| Data provided |
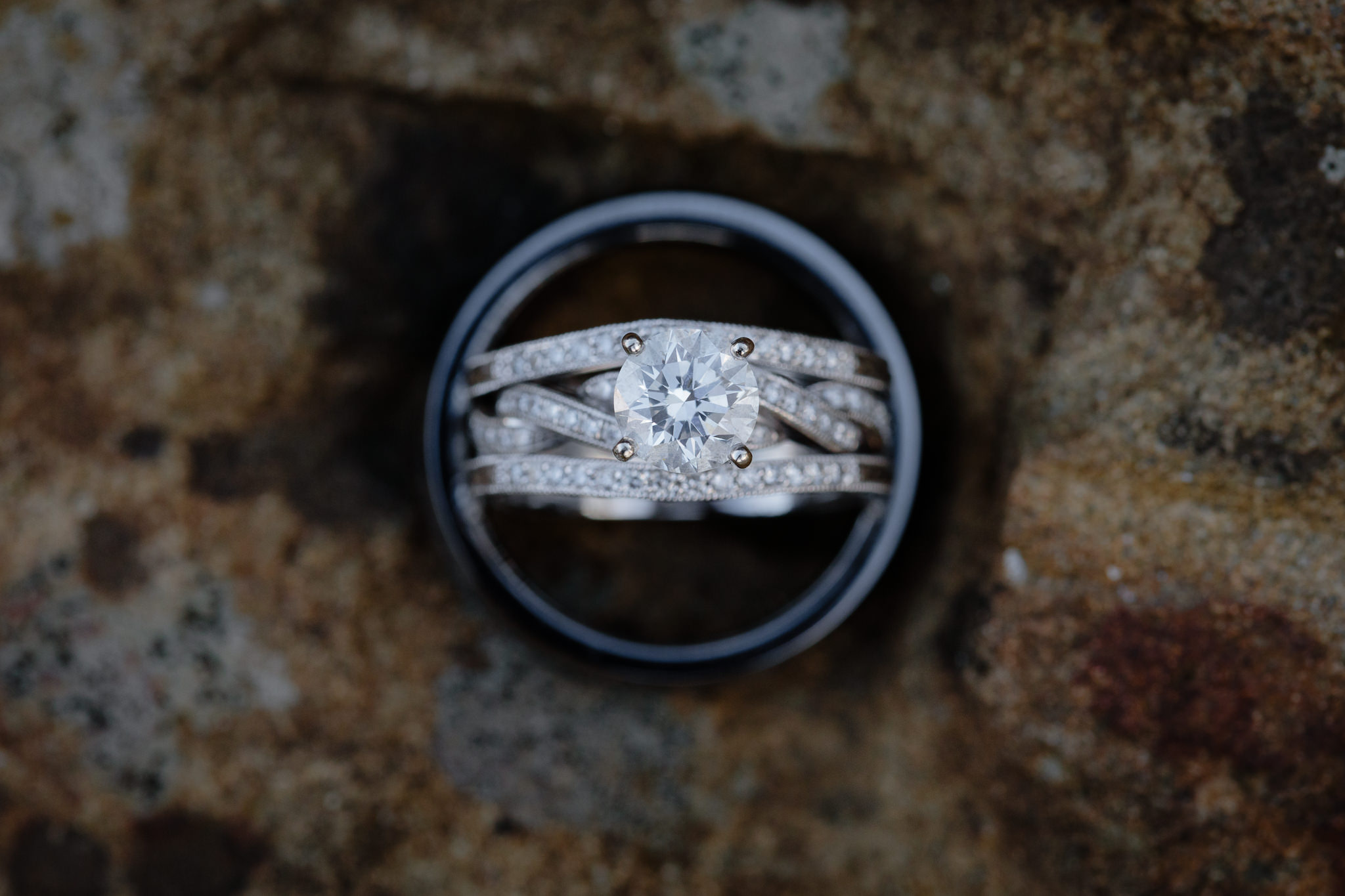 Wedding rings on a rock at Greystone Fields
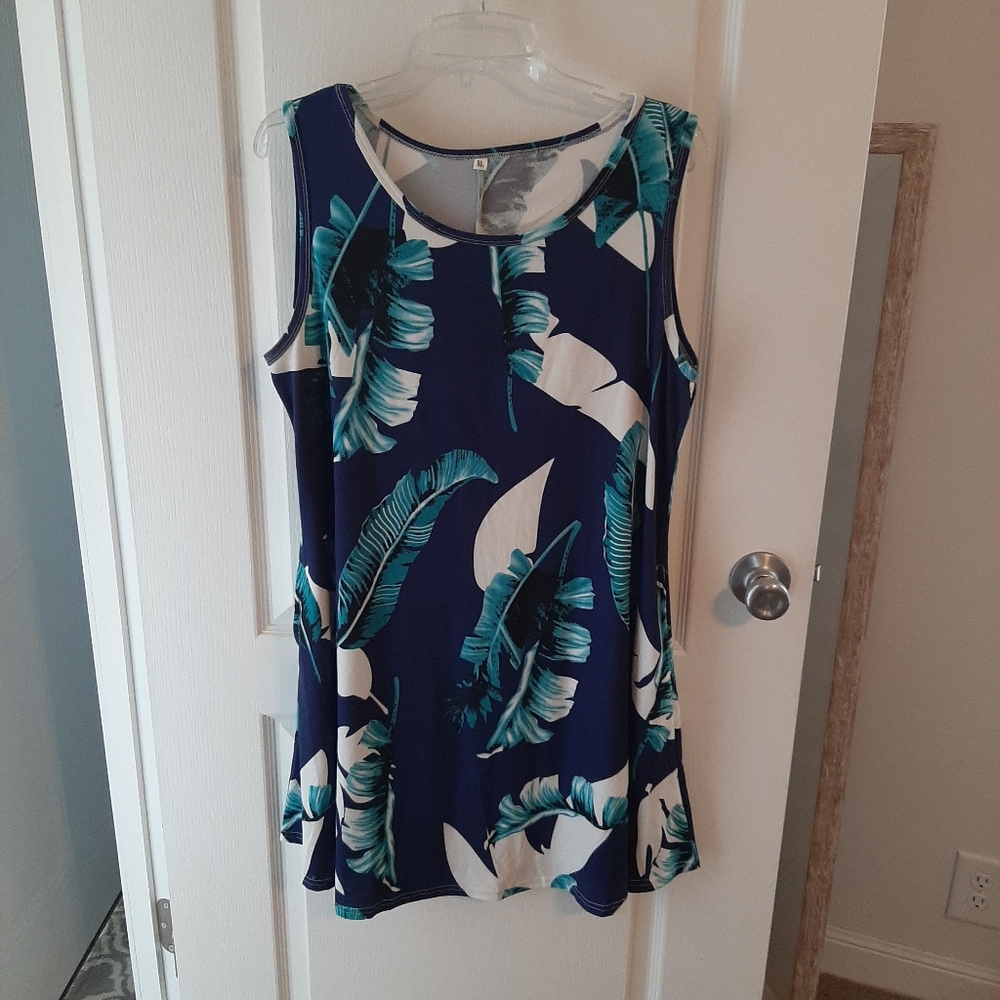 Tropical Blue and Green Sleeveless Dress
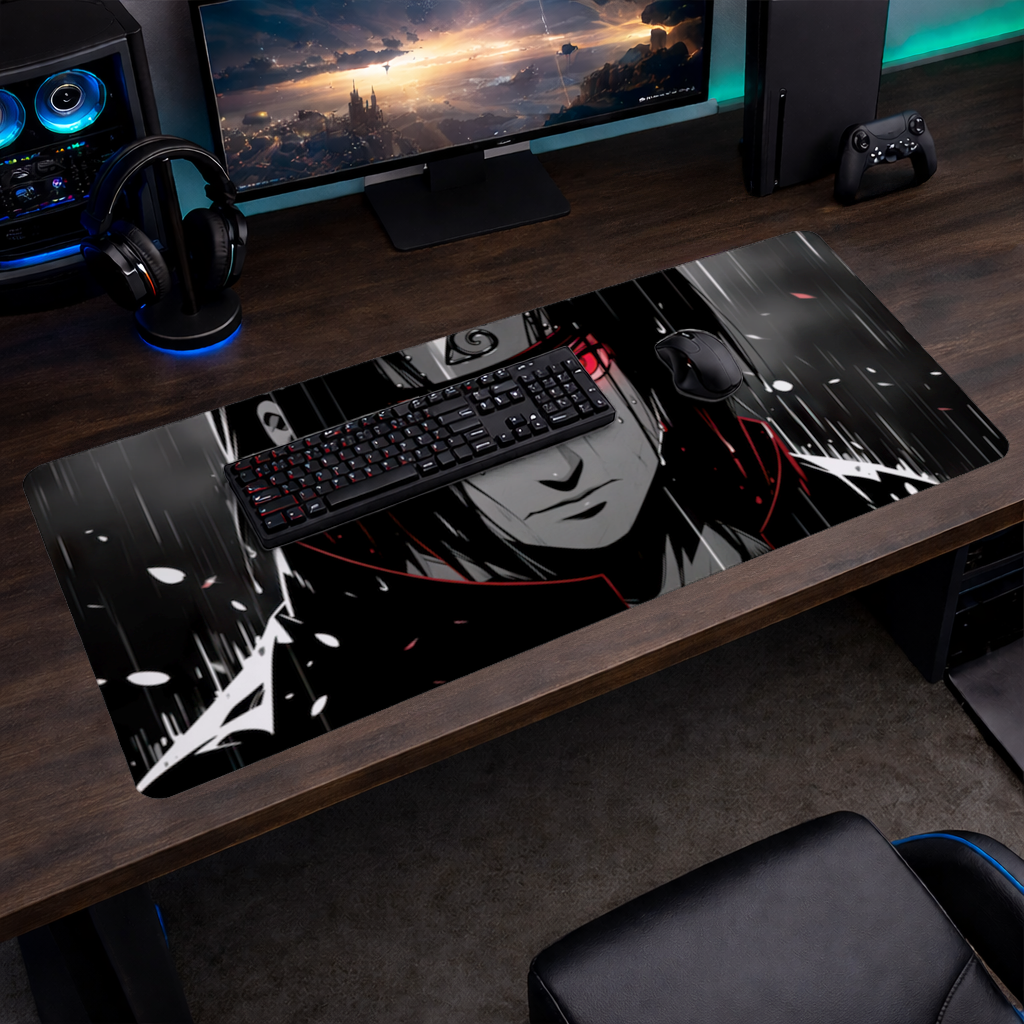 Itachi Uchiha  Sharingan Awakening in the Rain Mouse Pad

| Task description |
Print out the whole of the material word for word, without pictures.

| Written reply |
 Wedding rings on a rock at Greystone Fields
 Tropical Blue and Green Sleeveless Dress
 Itachi Uchiha  Sharingan Awakening in the Rain Mouse Pad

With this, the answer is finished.